Required work → Exact copy, pictures excluded: set down only the lines from the one with "Female Hair 3D Model" through the end of the entries, keeping both end lines.

Captioned web images →
• • • • •

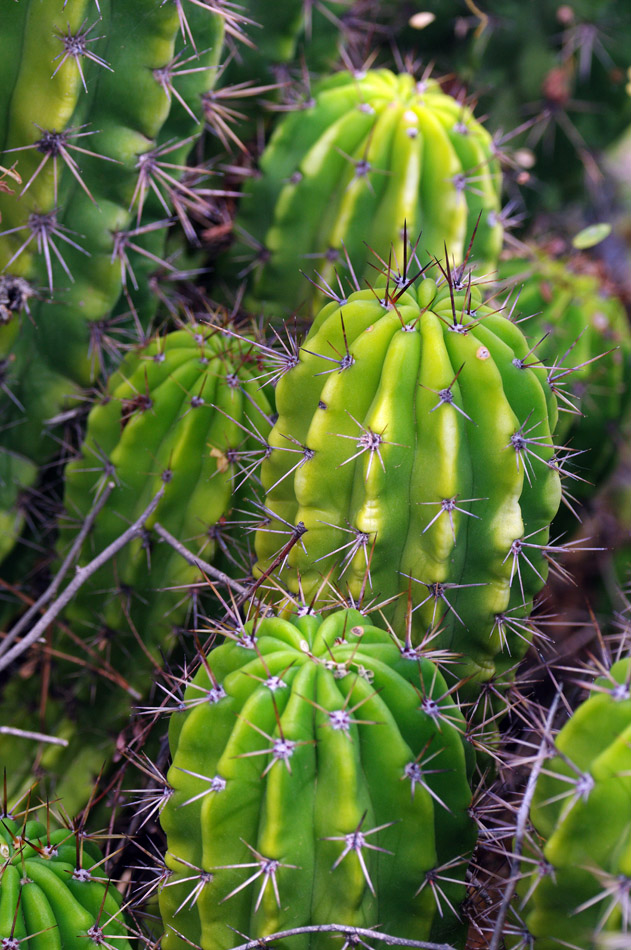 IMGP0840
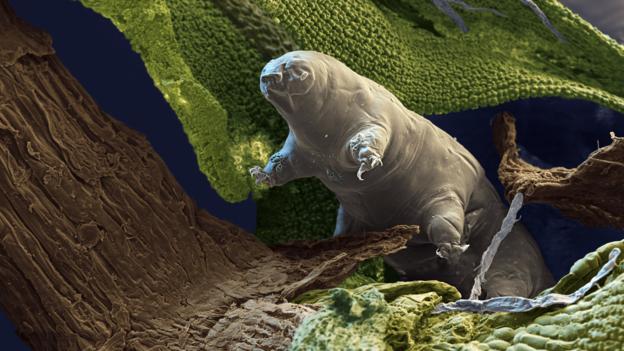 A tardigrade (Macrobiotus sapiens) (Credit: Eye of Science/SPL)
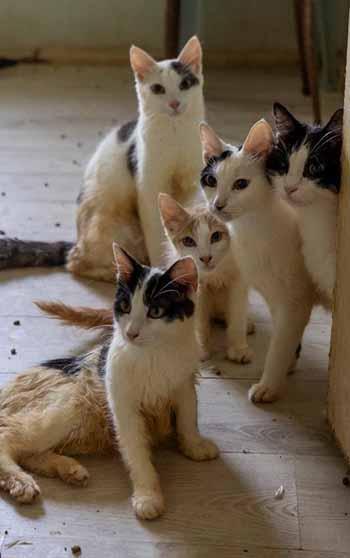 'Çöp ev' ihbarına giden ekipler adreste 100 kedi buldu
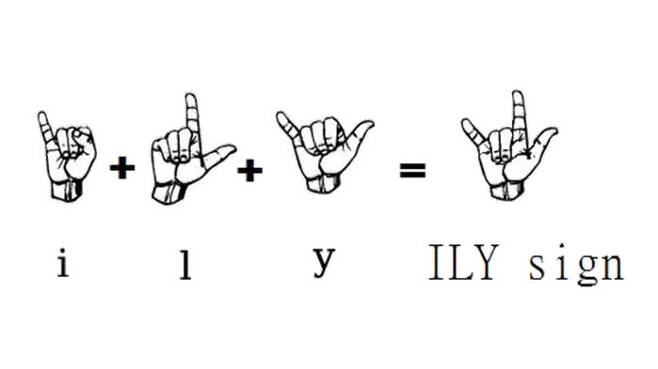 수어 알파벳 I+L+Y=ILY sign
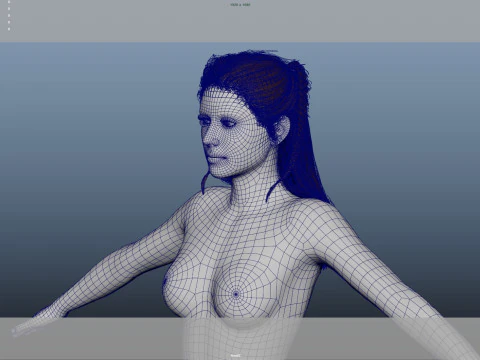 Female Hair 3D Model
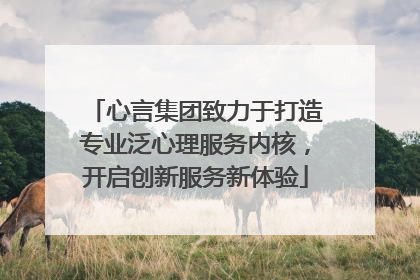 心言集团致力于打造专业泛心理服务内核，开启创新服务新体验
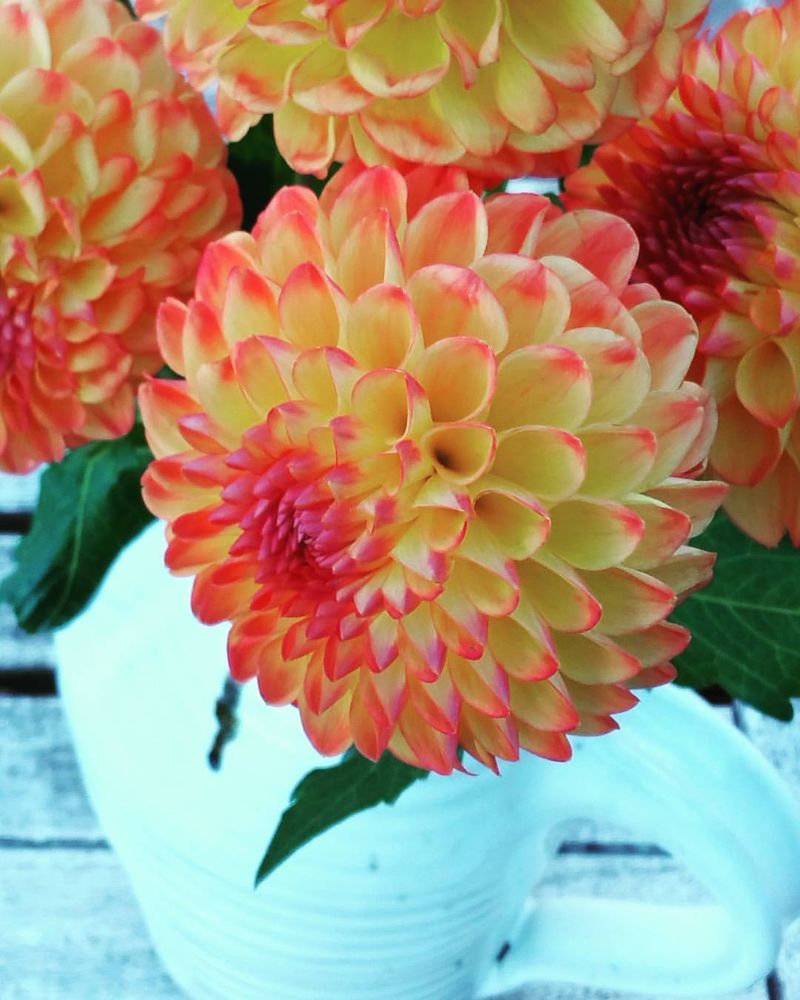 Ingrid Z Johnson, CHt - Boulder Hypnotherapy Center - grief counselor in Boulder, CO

• • • • •

Result of the task →
 Female Hair 3D Model
 心言集团致力于打造专业泛心理服务内核，开启创新服务新体验
 Ingrid Z Johnson, CHt - Boulder Hypnotherapy Center - grief counselor in Boulder, CO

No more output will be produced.